Nada é mais incerto, escorregadio e enganoso que as palavras. Mas antes de grassarem no terreno pantanoso das bocas, as palavras voluteiam voláteis e descabidas à espera de um milagre, indiferentes se escritas ou contadas. Desacomodadas na jaula da cabeça, formas ainda fetais inquietam-se como um espírito gasoso que se quer apreendido antes que desapareça. Esperam mais que esperançam – as palavras – e têm fé, mesmo que descreiam. Ainda não é a crônica, mas se o relvado desse texto é tocado pela graça de olhos leitores, então há de surgir ungida sob dois sóis.
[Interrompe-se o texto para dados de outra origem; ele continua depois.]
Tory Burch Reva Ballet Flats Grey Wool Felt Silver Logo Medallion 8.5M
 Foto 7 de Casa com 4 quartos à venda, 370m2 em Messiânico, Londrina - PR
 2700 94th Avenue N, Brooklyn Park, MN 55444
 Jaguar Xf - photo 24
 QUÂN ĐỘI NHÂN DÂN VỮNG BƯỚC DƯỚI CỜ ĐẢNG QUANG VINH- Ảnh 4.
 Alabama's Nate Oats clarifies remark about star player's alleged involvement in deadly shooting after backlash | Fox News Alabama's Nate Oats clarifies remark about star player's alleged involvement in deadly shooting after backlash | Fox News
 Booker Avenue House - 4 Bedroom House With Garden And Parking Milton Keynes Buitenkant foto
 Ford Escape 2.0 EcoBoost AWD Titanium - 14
Muito mais que a formulação pronunciada, o que dá alma à palavra é ser lida e ouvida. Escrever é menos que a metade. A parte que importa nesse mistério, a chama que arde, a chave que abre, é sempre de quem lê. A escrita é uma porta ornada em entalhes: por mais bela, nada revela se alguém não lhe abre as pálpebras para que seja desdobrada, sílaba a sílaba, na lida da leitura.
Não sei se flor ou se água, essa forma que fere bruta e delicada e brota à força de lava. Esse fluir que afaga, preciso e desmedido, feito a eternidade do instante em que tudo de si caiba no precário instante por haver sempre na beleza sua serva mais dedicada. Da primeira vez que reli essas linhas deitadas em letras de fôrma, ainda não eram a crônica, mas seu anseio. A língua cresce quando o olho míngua, exausto de percorrer as linhas, feito um equilibrista sobre o abismo, por isso dedico-lhe, leitor, esse texto, que só tem de seu o sentido que lhe atribuis. É teu qualquer mérito que houver, e se algo lhe acrescenta a leitura, só me enriqueces com aquilo que ganhas.